AI: In your career, you’ve been across the U.S. You obtained your PhD at the University of California Los Angeles, taught at the University of Delaware, and now you teach at Stony Brook University. What brought you to Stony Brook?

PH: I came to Stony Brook University because at the University of Delaware, I was the only computational linguist in the linguistics and cognitive science department. Stony Brook University, in multiple ways, was investing in computational linguistics and computational science more generally. In the department of linguistics we have now five faculty members who are experts in different aspects of computational and mathematical linguistics. There’s no other linguistics department in the country or in North America, maybe even in the world, that has that many computational linguists in a linguistics department.
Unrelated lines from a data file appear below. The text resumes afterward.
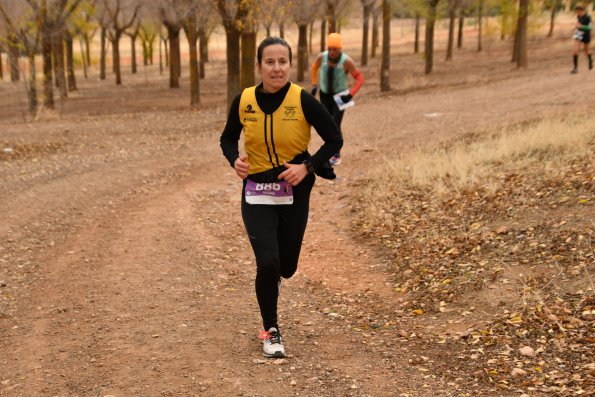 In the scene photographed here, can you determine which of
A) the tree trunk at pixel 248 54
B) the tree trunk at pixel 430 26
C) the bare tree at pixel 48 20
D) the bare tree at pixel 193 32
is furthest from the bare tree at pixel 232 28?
the tree trunk at pixel 430 26

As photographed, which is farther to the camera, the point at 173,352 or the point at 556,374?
the point at 173,352

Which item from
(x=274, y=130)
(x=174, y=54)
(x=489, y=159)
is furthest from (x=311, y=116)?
(x=174, y=54)

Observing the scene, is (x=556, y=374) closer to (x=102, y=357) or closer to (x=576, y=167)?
(x=102, y=357)

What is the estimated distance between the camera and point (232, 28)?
16844mm

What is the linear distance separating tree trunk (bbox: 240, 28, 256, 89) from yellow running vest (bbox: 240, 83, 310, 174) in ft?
40.9

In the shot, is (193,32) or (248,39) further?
(193,32)

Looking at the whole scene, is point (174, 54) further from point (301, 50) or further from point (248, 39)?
point (248, 39)

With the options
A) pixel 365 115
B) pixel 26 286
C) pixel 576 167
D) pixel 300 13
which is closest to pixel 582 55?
pixel 300 13

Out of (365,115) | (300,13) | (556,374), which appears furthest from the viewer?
(300,13)

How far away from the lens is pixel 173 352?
192 inches

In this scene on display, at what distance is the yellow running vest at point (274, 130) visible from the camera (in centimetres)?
436

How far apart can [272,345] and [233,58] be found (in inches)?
559

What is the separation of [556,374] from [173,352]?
262 centimetres

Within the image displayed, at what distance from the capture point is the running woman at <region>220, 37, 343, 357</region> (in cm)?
435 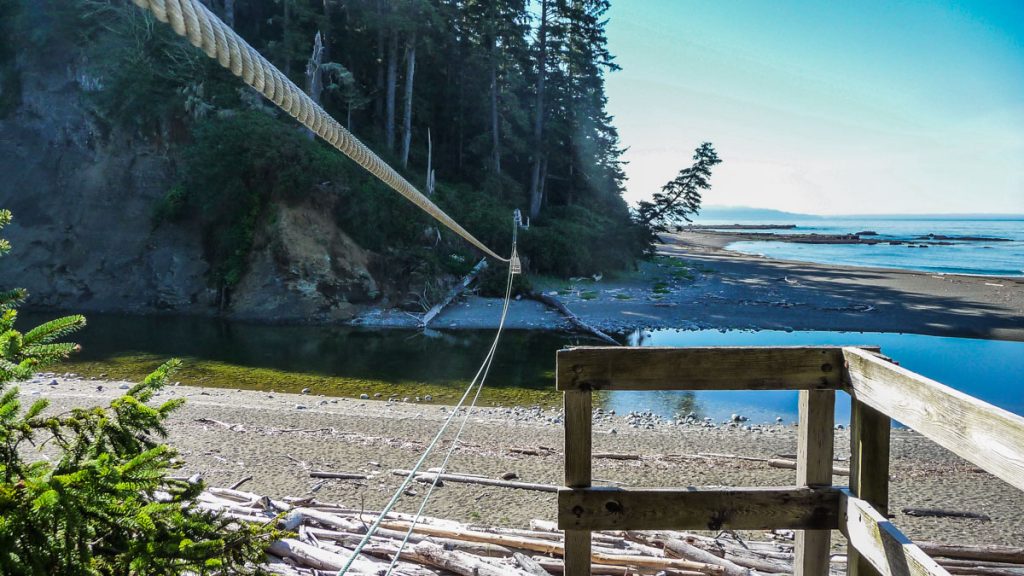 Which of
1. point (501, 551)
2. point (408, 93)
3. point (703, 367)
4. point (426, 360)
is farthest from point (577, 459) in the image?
point (408, 93)

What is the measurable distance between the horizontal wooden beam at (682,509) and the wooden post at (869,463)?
22 centimetres

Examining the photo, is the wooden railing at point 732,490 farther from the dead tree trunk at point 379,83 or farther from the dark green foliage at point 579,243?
the dead tree trunk at point 379,83

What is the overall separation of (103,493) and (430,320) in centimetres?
1908

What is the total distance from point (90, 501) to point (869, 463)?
2839 millimetres

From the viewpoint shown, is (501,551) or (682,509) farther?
(501,551)

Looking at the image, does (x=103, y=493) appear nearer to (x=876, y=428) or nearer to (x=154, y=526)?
(x=154, y=526)

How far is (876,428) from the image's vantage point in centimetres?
240

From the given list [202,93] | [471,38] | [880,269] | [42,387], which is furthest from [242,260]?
[880,269]

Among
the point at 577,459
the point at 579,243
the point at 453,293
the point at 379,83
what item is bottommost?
the point at 453,293

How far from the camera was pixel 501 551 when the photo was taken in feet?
13.4

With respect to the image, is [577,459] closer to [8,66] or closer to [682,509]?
[682,509]

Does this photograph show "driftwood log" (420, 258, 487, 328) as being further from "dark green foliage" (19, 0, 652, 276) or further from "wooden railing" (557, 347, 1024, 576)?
"wooden railing" (557, 347, 1024, 576)

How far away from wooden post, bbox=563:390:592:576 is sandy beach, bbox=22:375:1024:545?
9.53 feet

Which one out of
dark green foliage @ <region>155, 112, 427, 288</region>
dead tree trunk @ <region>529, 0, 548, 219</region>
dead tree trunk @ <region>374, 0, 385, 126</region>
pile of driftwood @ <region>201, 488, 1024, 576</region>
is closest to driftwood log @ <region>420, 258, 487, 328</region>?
dark green foliage @ <region>155, 112, 427, 288</region> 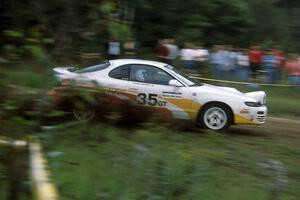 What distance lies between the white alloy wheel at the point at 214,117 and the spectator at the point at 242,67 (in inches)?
304

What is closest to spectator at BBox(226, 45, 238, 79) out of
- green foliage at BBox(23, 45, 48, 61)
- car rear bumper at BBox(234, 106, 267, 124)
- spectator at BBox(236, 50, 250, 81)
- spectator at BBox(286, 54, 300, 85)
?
spectator at BBox(236, 50, 250, 81)

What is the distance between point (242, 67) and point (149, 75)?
8.25 m

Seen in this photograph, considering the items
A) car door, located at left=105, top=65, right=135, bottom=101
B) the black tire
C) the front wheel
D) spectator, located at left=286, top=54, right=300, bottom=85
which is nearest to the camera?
the black tire

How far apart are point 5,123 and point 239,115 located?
304 inches

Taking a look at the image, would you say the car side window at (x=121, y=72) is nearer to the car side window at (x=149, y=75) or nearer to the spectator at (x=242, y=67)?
the car side window at (x=149, y=75)

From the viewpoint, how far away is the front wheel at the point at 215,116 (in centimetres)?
1180

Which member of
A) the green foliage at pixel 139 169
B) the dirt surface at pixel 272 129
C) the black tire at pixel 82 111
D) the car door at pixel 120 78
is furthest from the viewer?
the dirt surface at pixel 272 129

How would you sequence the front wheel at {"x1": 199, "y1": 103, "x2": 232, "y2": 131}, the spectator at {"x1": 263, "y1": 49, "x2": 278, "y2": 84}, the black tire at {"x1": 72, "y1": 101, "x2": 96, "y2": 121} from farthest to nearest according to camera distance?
the spectator at {"x1": 263, "y1": 49, "x2": 278, "y2": 84}, the front wheel at {"x1": 199, "y1": 103, "x2": 232, "y2": 131}, the black tire at {"x1": 72, "y1": 101, "x2": 96, "y2": 121}

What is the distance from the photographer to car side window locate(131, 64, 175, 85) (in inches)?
466

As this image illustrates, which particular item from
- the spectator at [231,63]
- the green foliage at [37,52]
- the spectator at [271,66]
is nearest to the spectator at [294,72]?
the spectator at [271,66]

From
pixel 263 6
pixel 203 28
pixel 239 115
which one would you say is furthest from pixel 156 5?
pixel 239 115

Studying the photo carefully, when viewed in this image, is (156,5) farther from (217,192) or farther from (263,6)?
(217,192)

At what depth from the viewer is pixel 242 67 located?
770 inches

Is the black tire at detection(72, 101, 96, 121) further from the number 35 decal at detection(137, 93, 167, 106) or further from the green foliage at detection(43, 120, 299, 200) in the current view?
the number 35 decal at detection(137, 93, 167, 106) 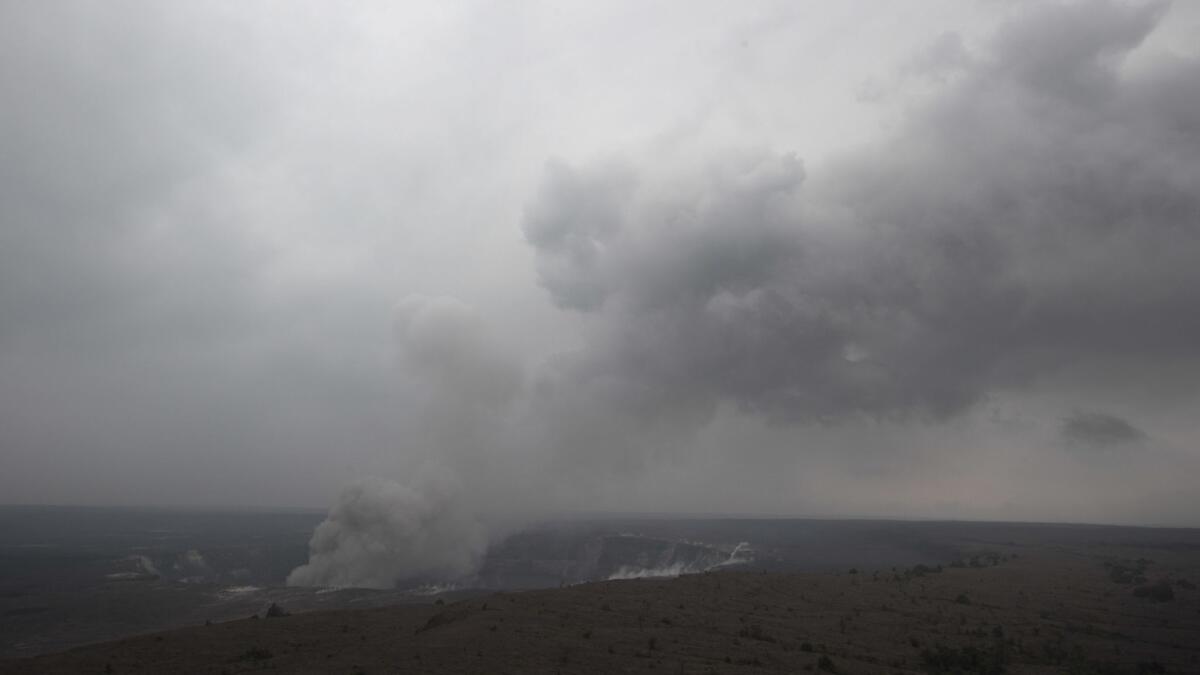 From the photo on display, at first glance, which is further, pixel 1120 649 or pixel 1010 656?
pixel 1120 649

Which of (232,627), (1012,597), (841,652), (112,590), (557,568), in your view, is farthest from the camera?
(557,568)

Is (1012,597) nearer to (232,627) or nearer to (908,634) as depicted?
(908,634)

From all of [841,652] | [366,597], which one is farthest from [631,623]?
[366,597]

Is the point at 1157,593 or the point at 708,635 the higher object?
the point at 708,635

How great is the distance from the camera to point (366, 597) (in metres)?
88.1

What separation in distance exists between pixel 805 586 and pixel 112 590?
95.4 m

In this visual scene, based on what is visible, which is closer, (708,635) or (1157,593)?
(708,635)

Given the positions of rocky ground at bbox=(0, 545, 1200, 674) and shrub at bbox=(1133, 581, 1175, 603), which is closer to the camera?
rocky ground at bbox=(0, 545, 1200, 674)

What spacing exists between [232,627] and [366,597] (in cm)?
4274

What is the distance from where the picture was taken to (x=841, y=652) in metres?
38.5

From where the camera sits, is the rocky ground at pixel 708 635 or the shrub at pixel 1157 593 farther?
the shrub at pixel 1157 593

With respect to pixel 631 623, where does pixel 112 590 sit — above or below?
below

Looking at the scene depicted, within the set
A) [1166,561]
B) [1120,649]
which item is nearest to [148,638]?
[1120,649]

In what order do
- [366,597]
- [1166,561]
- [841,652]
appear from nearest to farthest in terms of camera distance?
[841,652] → [366,597] → [1166,561] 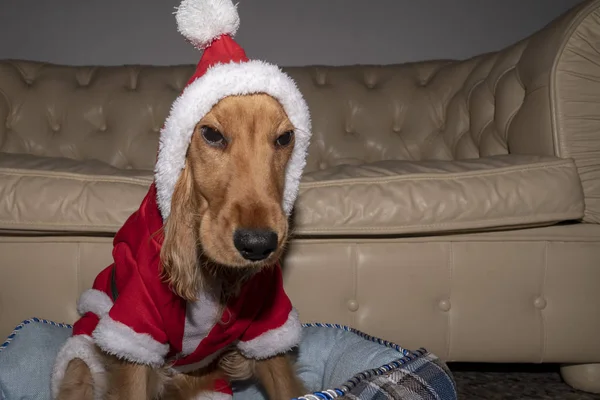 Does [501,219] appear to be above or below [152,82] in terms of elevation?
below

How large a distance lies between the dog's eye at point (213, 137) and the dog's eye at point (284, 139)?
100 millimetres

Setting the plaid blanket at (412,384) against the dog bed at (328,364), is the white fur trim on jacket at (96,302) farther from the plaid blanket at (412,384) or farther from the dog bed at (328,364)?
the plaid blanket at (412,384)

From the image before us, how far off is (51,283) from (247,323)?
0.63 meters

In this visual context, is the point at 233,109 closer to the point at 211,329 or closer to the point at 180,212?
the point at 180,212

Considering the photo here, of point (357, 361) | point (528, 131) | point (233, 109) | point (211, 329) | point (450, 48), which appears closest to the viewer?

We’re really offering students here something they can’t get anywhere else. Students really benefit from synthesizing knowledge from different people with different perspectives. If you’re the only computational linguist in your department, then students are getting something, but only from you. So it's very valuable to get it from different people. So I think that’s really one of the things that makes our department so different.

The other thing was the Institute for Advanced Computational Science, which I’m also a core faculty member of. I was excited about that because it’s a multidisciplinary institute where people from different disciplines are always using computational methods in their work. Actually, many of them are using machine learning and different kinds of AI-style techniques. So, it was also very exciting to be part of that group.

I didn’t know this when I was in the process of getting hired here, but right when I was joining, I happened to go to this meeting they had in New York City with different SUNY people and the chancellor at the time, and they were talking about investing in AI. The AI Institute that Steven Skiena runs was started just a few years after I got here, and that was another exciting development for me because these are the kinds of things that I want to be a part of. So I am very grateful to be an affiliate of that institute.

AI: Which research projects have been the most interesting in your career thus far? Why?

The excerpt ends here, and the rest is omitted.